Sabotage Wikipedia, Ddos the Internet Archive. Makes you wonder if in the future we’re going to forget our past. Will actual history be obscured in a sea of alternative histories unrecognizably presented as the same thing. Maybe we need to keep some books laying around in archives just to be sure.

TachyonTele@lemm.ee · edit-2 1 month ago

The digital dark age will be a real thing, absolutely.

Interesting idea on a sea of alternative histories. That might be a possible threat.
Someone else here called it “AI text apocalypse”. I like that term.

endofline@lemmy.ca · 1 month ago

We have still Anna’s archive, scihub, libgen and old fashion traditional libraries ( including the national ). National libraries won’t disappear in the nearest years, maybe will rotten due to defunding but still they will exist

lolola@lemmy.blahaj.zone · 1 month ago

I hate to post because I have loved and trusted Wikipedia for years, but the fact that there are folks out there who equally trust what AI tools generate just baffles me.

Dragonstaff@leminal.space · 1 month ago

The signal to noise ratio is so low these days. There’s so much information out there but everyone wants to profit from you before you can get it. Even worse, the people with good information generally can’t buy as big a megaphone as the people who profit from lying to you.

Honestly, I think humans have been more likely to believe an easy lie than a hard truth all along, but it’s easier than ever these days.

YeetPics@mander.xyz · 1 month ago

Damn Putin, you’re retarded.

foenkyfjutschah@programming.dev · 1 month ago

the name is Altman.

Aatube@kbin.melroy.org · 1 month ago

Don’t worry, it’s not as bad as the title suggests.
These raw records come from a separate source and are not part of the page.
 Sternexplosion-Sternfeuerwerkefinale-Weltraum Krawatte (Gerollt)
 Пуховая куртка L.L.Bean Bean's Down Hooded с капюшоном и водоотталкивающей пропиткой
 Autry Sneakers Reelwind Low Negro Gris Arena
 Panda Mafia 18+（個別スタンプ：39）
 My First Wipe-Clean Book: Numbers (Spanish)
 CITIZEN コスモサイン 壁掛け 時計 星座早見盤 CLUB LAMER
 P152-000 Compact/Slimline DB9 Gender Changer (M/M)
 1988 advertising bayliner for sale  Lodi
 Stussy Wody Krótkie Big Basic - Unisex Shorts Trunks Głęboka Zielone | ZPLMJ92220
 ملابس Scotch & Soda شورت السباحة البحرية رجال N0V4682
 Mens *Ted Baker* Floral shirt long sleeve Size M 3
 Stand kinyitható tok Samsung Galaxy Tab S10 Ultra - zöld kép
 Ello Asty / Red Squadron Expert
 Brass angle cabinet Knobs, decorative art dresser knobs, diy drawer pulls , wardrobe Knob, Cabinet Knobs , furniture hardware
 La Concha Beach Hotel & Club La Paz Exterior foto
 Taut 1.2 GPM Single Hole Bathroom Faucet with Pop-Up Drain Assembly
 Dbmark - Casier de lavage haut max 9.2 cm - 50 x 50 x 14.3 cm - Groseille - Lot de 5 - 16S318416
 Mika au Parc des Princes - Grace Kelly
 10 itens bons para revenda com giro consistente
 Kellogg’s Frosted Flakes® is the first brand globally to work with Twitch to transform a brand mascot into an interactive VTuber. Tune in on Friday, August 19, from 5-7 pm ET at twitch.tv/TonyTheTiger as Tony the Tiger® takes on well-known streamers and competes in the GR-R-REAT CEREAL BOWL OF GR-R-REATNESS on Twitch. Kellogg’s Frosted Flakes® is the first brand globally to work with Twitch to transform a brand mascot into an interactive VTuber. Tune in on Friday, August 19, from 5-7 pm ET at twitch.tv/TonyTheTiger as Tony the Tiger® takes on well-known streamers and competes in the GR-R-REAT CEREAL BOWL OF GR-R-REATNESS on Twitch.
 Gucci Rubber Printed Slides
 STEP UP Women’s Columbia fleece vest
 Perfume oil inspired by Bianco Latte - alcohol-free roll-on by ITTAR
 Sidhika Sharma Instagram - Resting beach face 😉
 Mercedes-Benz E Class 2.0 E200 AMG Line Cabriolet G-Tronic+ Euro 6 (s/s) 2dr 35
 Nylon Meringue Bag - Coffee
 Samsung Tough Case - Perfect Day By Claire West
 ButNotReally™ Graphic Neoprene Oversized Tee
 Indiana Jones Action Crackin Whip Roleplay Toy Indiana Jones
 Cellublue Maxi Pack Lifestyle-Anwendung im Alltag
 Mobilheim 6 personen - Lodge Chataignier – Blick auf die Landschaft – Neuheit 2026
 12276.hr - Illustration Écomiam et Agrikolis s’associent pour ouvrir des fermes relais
The attack on Internet Archive is far, far worse. It’s obviously a bit of a problem, though.We

CALIGVLA@lemmy.dbzer0.com · 1 month ago

We what? WE WHAT?!

Aatube@kbin.melroy.org · 1 month ago

oops

(I accidentally added an extra “we” to the end at first)

WhatsHerBucket@lemmy.world · 1 month ago

This is why we can’t have nice things

e$tGyr#J2pqM8v@feddit.nl · 1 month ago

We still have it, and it’s quite nice.